3.1.9.3. Corotational Transformation
This command is used to construct the Corotational Coordinate Transformation (CorotCrdTransf) object, which performs an exact geometric transformation of beam stiffness and resisting force from the basic system to the global coordinate system.
For a two-dimensional problem:
- geomTransf Corotational $transfTag <-jntOffset $dXi $dYi $dXj $dYj>
For a three-dimensional problem:
- geomTransf Corotational $transfTag $vecxzX $vecxzY $vecxzZ <-jntOffset $dXi $dYi $dZi $dXj $dYj $dZj>
Argument |
Type |
Description |
|---|---|---|
$transfTag |
integer |
integer tag identifying transformation |
$vecxzX $vecxzY $vecxzZ |
float |
X, Y, and Z components of vecxz, the vector used to define the local x-z plane of the local-coordinate system. The local y-axis is defined by taking the cross product of the vecxz vector and the x-axis. These components are specified in the global-coordinate system X,Y,Z and define a vector that is in a plane parallel to the x-z plane of the local-coordinate system.
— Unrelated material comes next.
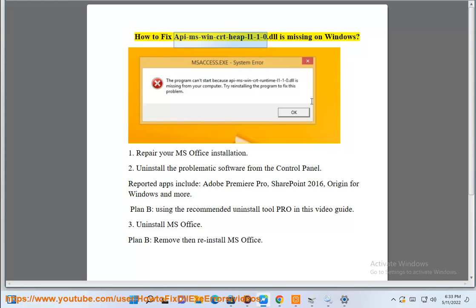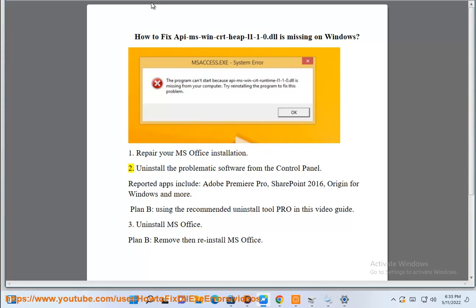How to fix API MS win CRT heap L1-1-0.dll is missing on Windows. Step 1: Prepare your MS Office installation.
These items need to be specified for the three-dimensional problem. |
$dXi $dYi $dZi |
float |
joint offset values – offsets specified with respect to the global coordinate system for element-end node i (optional, the number of arguments depends on the dimensions of the current model). |
$dXj $dYj $dZj |
float |
joint offset values – offsets specified with respect to the global coordinate system for element-end node j (optional, the number of arguments depends on the dimensions of the current model). |
Note
The element coordinate system and joint offset values are specified as in the Linear Transformation.